Como pode ser visto o crescimento de Cuba foi medíocre quando comparado ao dos outros países da amostra, de fato, apenas Venezuela, Nicarágua e Haiti cresceram menos que Cuba. A lista dos países que cresceram menos que Cuba dispensa explicações. Repare que a figura revela uma ironia do destino: a República Dominicana, país para onde fugiu o ditador cubano, foi o que mais cresceu dentre os países da amostra. Na época da revolução cubana a República Dominicana era mais pobre do que Cuba e também era governada por um ditador, no caso Rafael Trujillo que governou o país de 1930 a 1961.

A figura abaixo mostra o PIB per capita médio entre 1954 e 1958 dos países selecionados. Repare que no período anterior a revolução cubana, mesmo com a ditadura de Fulgencio Batista, Cuba tinha a nona maior renda per capita dentre os vinte países da amostra, inclusive era mais rica que o Brasil e muito mais rica que a República Dominicana.

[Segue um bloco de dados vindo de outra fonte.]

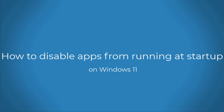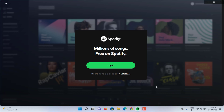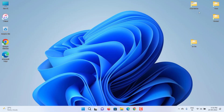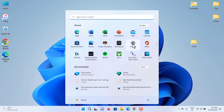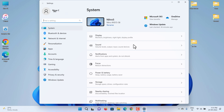How to disable apps from running at startup on Windows 11. Are some apps automatically launching every time you start Windows 11? Here is the fix to disable apps from running at startup on Windows 11. Open Settings and click on Apps.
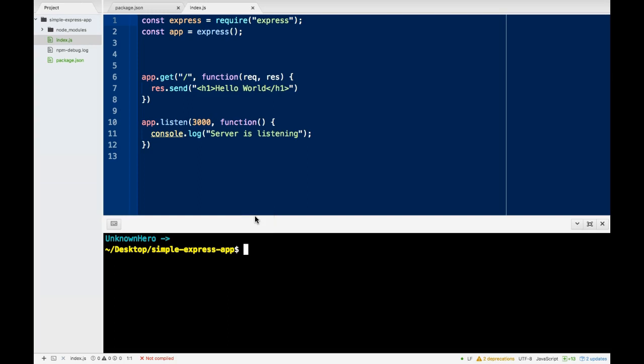Hello everybody, welcome back. This is How to Build a Simple Express App Part 2. This will show you guys how to integrate a templating language, specifically EJS, which will allow us to render JavaScript in our HTML.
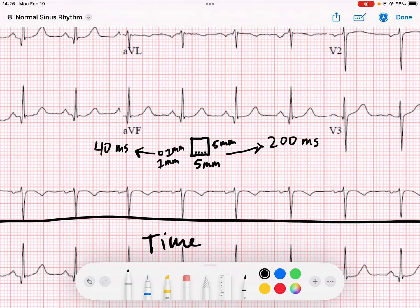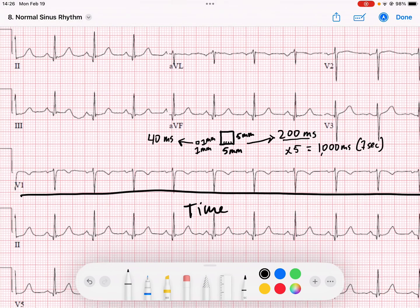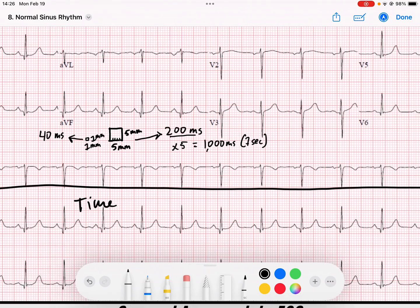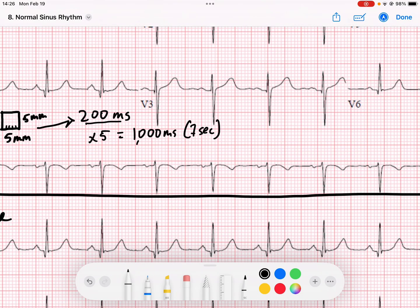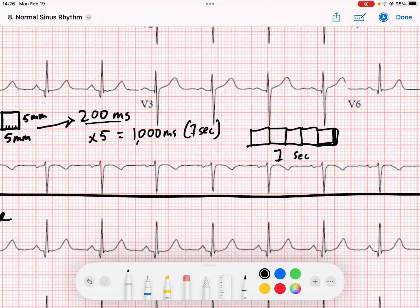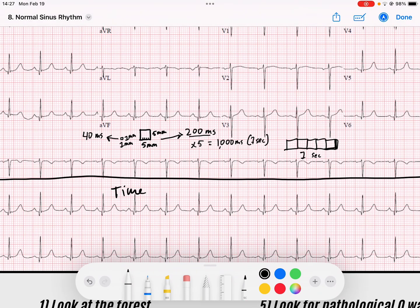So those are our basic units. If one big box is 200 milliseconds and we put five of those together - multiply that by five - we get 1,000 milliseconds or one second. So five big boxes - one, two, three, four, five - represents one second. That's the idea of the timing.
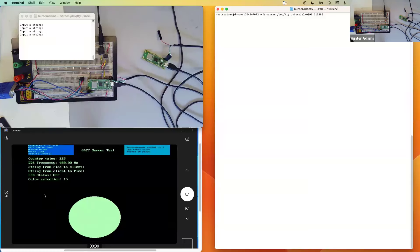This is a demonstration of a custom GATT Bluetooth client running on a PyPico W. This client is implemented to behave kind of like some of the more common Bluetooth debugging applications, in particular the LightBlue app. What this client does when it boots up is it looks for a GATT advertisement from a server which indicates that that server contains a service with a known UUID, a UUID that's known to the custom client.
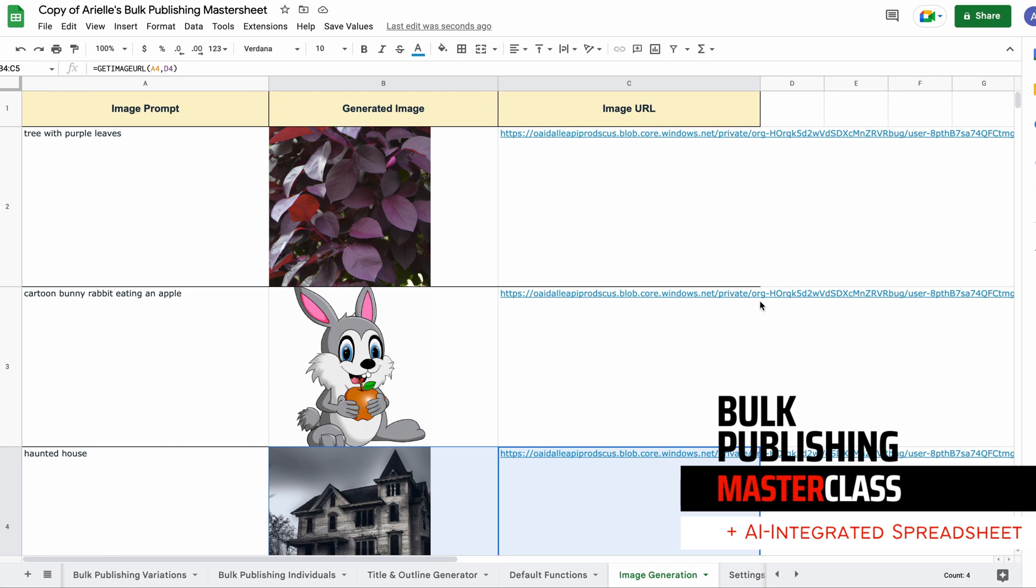What I'm going to do is I'm going to get Placid to grab the URL for these images. I'm going to make a template in Placid and get it to grab these images and use them either as a background with text overlay or as an image overlay.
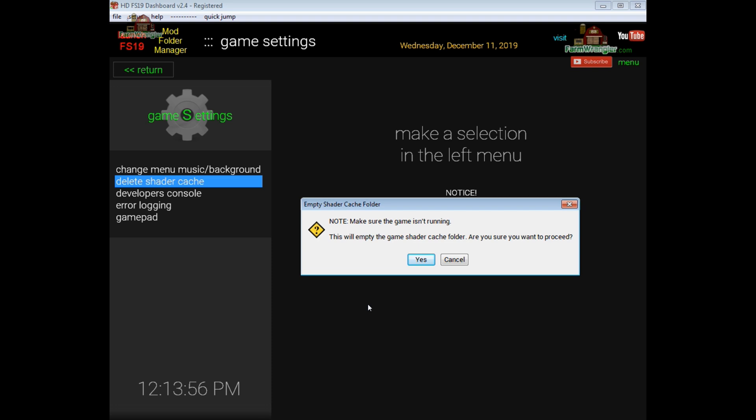By deleting those files you're forcing the game to create new ones and it kind of gives you a fresh start and a lot of times it does eliminate the errors or the display errors in the game as far as textures go.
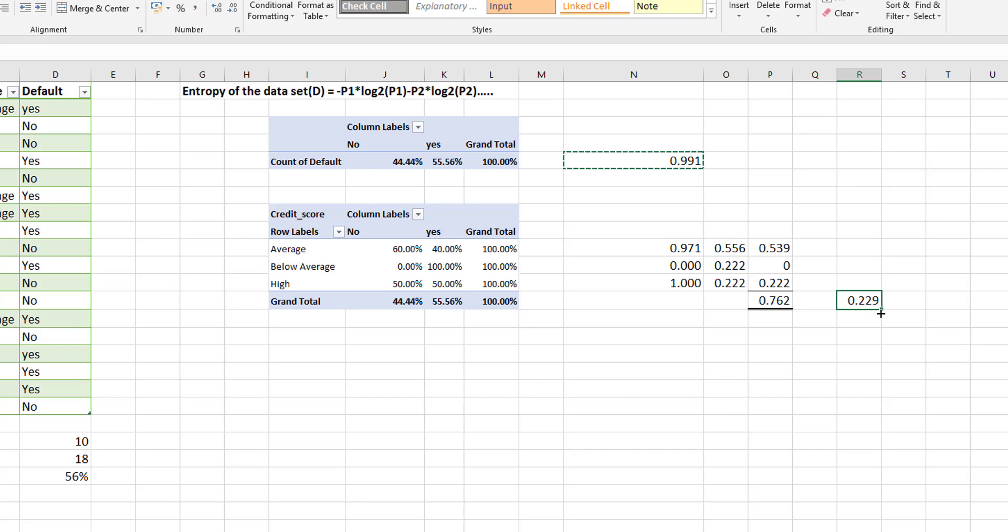Now for a machine learning model to actually work this will have to be calculated for each item that you have a column of data for. And in the next video we're going to work through how this works in a machine learning algorithm.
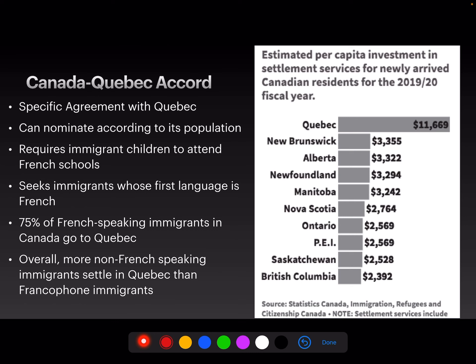Unless you're Quebec — Quebec has a different arrangement called the Canada-Quebec Accord. This is a specific agreement with Quebec where they can nominate people according to their population, specifically the proportion of French speakers. They can nominate a certain percentage of immigrants to come to Quebec based on that. It requires immigrant children to attend French schools and seeks out immigrants whose first language is French.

Passados cinquenta anos, se olharmos o PIB per capita médio do período 2004 a 2008 (último ano com dados para Cuba na base de dados utilizada), Cuba tinha caído para a décima quarta posição. Como pode ser visto na figura abaixo Cuba ficou para trás de países como Brasil, Guatemala, Panamá, e, quem diria, da República Dominicana. Será que se Fulgencio Batista tivesse derrotado Fidel os cubanos teriam seguido o caminho da República Dominicana seguiu com Trujillo e hoje estariam em um dos países mais ricos da América Latina? Difícil dizer...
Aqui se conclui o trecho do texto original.